Moreover, if traditional retailers are in fact looking before they leap online, then the Net startup community had better become accustomed to it.
According to IDC analyst Barry Parr, “Brick-and-mortar conversions are an ongoing process — it’s like installing phones or reserving a toll-free 800 number. Going online is just something a company has to do; it’s not very revolutionary.”
For their part, entrepreneurs have adjusted to the increased maturity of the e-commerce marketplace. They are winning over the hearts of venture capitalists by emphasizing a fundamental element of traditional business: an experienced management team.
Tom Graunke, who recently started his second company, KnowledgeNet, has found that startups can still attract venture capital if they are willing to address investor concerns.

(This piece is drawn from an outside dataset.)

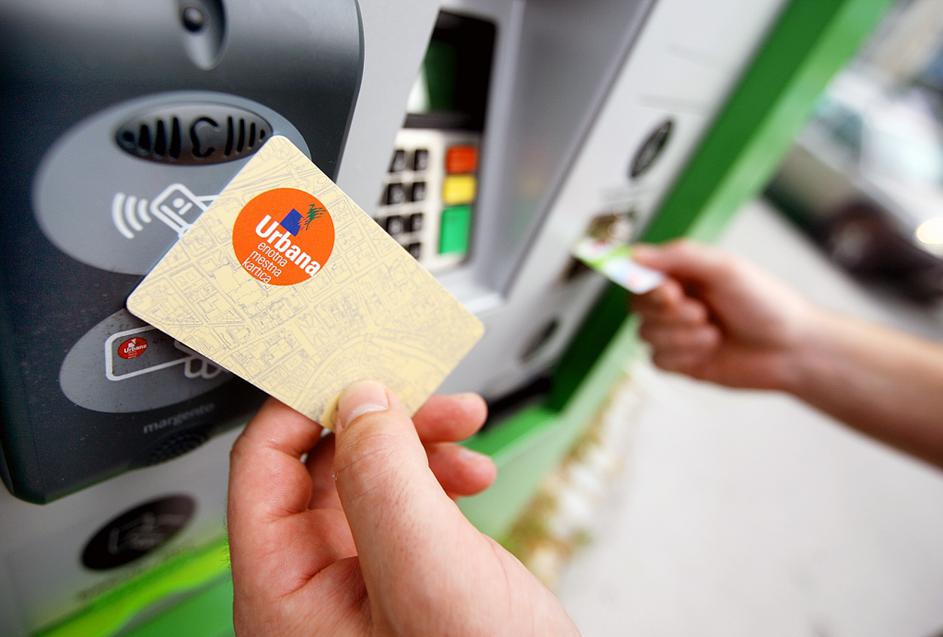 ljubljana 09.10.2009, kartica urbana, polnjenje kartice urbane, urbanomat, LPP,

“VC firms want to invest in companies with proven management teams who can correct bumps in the road, people who can work through mistakes,” Graunke told the E-Commerce Times. “Youthful exuberance was great and effective a year ago, but not as leaders. Venture capitalists want people that have been there before,” he added.
It appears the days of the Net startups that had forsaken traditional management strategies for tech-wizardry or flashy new ideas are over — if those days ever existed at all.

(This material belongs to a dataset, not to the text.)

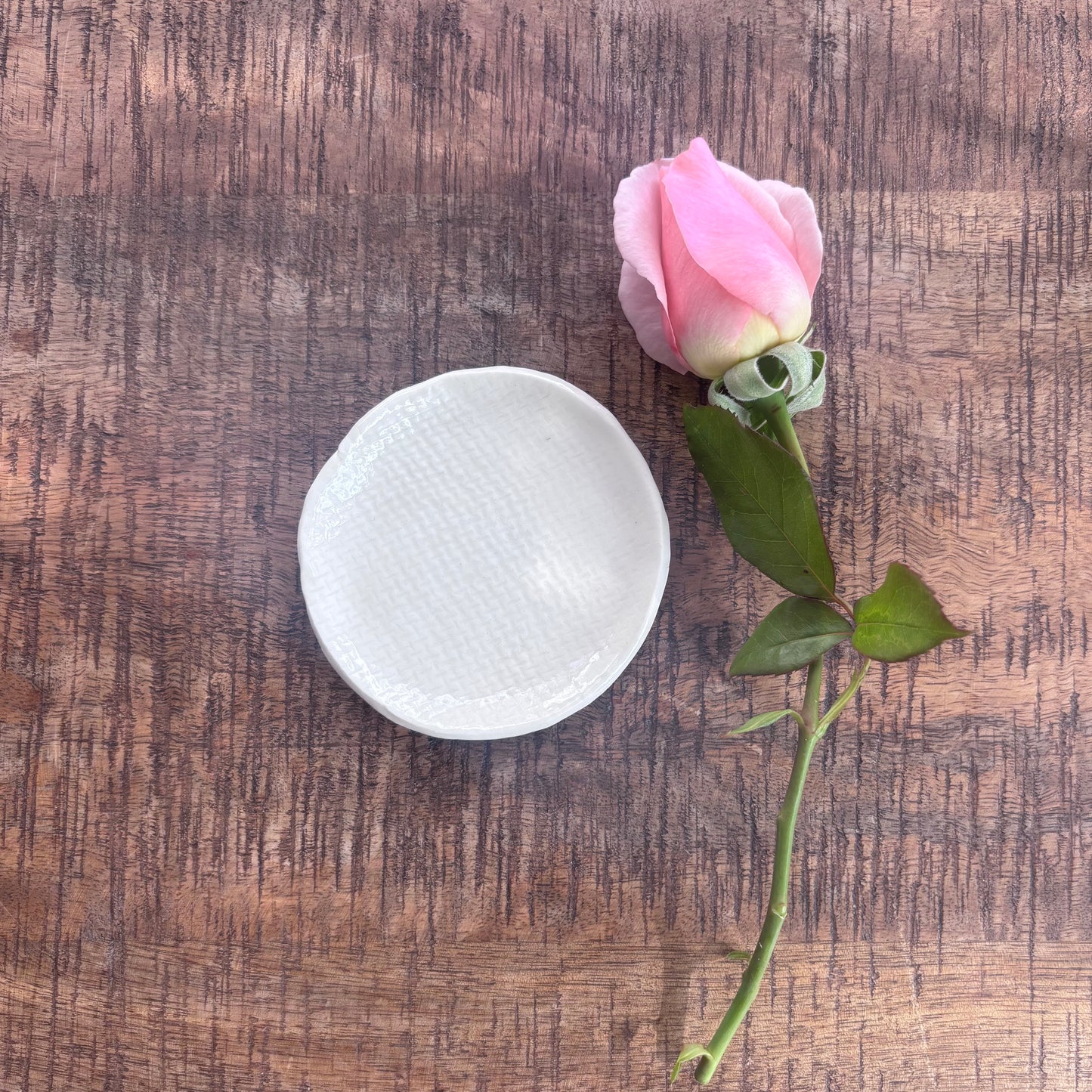 Porcelain Hessian Plates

E-Companies’ Chang agrees that the value of veteran leadership in a young company is nothing new. “What has not changed since the shakeout is that we continue to invest in strong management teams,” she said. “It’s the best people, not the best ideas, that helps a company get through hard times.”
The demand for experienced management may be why spin-offs of major e-businesses, such as Kmart’s Bluelight.com or Palm, Inc., are increasingly dotting the dot-com terrain. Investors are interested in the resources that experienced leadership and deeper corporate pockets can offer when backing up their business plans.

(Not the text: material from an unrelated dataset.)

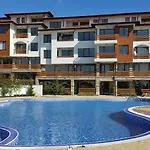 Gardenia Hills Hotel
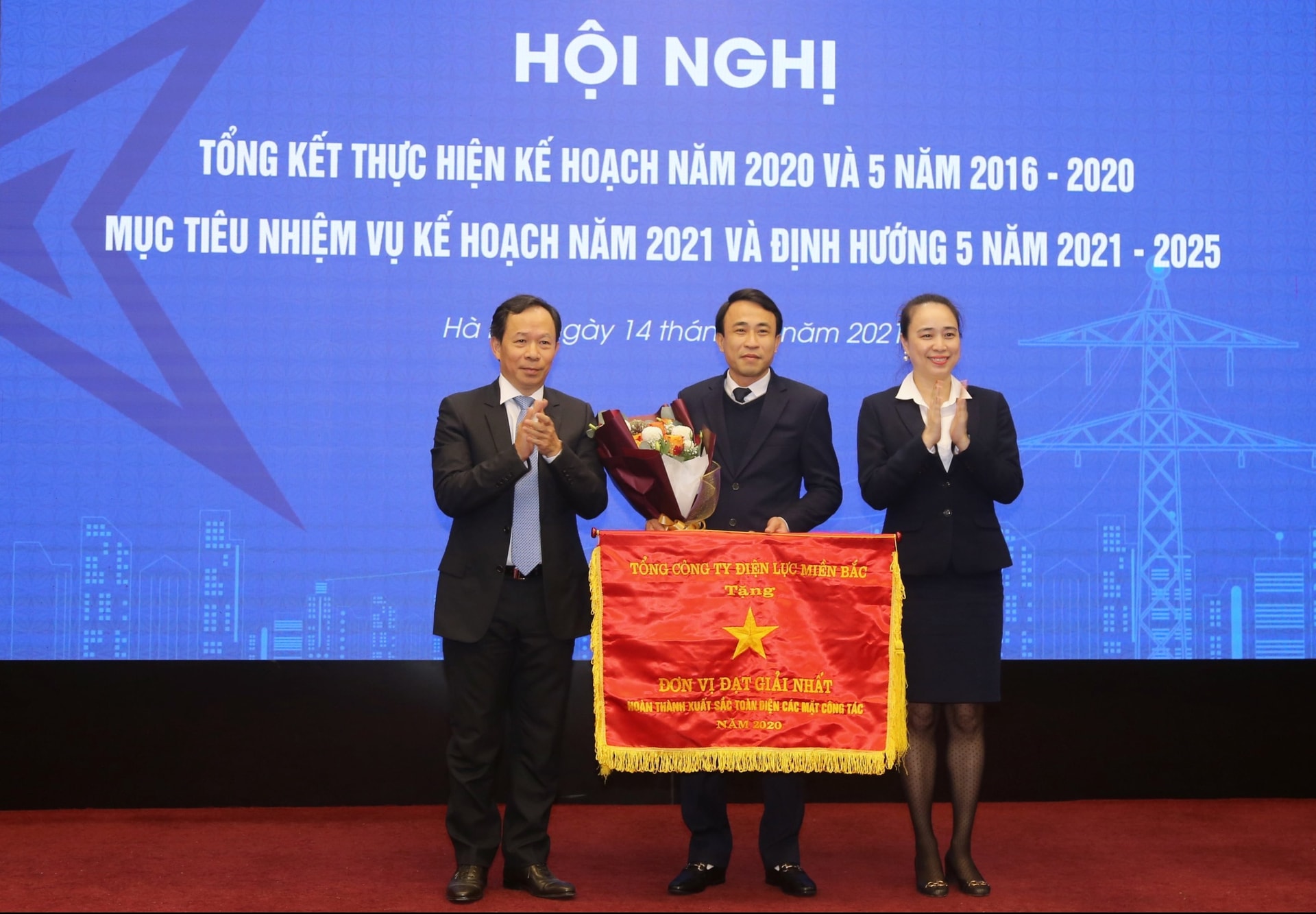 . Ông Thiều Kim Quỳnh - Chủ tịch HĐTV và bà Đỗ Nguyệt Ánh – TV HĐTV, Tổng Giám đốcEVNNPC trao Cờ thi đua của Tổng công ty cho Công ty Điện lực Hưng Yên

As a strategy, though, the “spin-off” may have more to do with a company’s desire to retain experienced talent than to revolutionize the industry.
“There’s a recognition by the real entrepreneurs that they can make a lot more money being their own bosses,” said Parr. “If a big company wants to hang on to those people, it needs to give them more autonomy,” and a spin-off company can provide an effective outlet for that talent.
The Age Factor
Does this renewed savvy among investors mean that VC firms are less willing to invest in the home-grown ideas of young entrepreneurs than the polished business plans of experienced company execs? Not necessarily.
Nevertheless, even investors who appreciate the importance of innovation know that creativity without business sense does not make for a lucrative endeavor.
To protect their investments, venture capital firms are increasingly proactive in their role as corporate trainers, preparing companies for their next round of investment, their sale or even an IPO. With so much on the line, investors want to know that the younger generation will heed their advice.
“The venture capitalists are like the veteran trainers, but bright-eyed young people do not always listen to your experience,” explained Meckler. “We take a much harder look at the management, and ask: Will this guy listen? Can we work with this company?”
Chang also believes that the relationship between company management and investors is crucial to moving the investment process forward. Like Meckler, though, she concedes that youth and inexperience can factor into an investor’s decision of whether or not to work with a particular client.
“In our assessment [of a company] we ask, ‘do we like this person, and would we want to work very closely to this person?’ The youthfulness won’t hurt there, but without a demonstration that they have strategy and can rally a team, problems can arise,” Chang said.
For those young geniuses who spent the summer in their parents’ garage, homing in on the next best high-tech thing since the semiconductor or Napster, the message may be tough to stomach: find a seasoned management staff or get a job. The “stereotypical” profile of a Jerry Yang or Shawn Fanning remains, as it has always been, an exception to the rule, even in the pre-shakeout days.
Still, newcomers and late-comers to the e-commerce game should avoid kicking themselves for not inventing Yahoo! first — they may have a better chance of becoming dot-com millionaires as more mature entrepreneurs in a more sophisticated e-commerce world.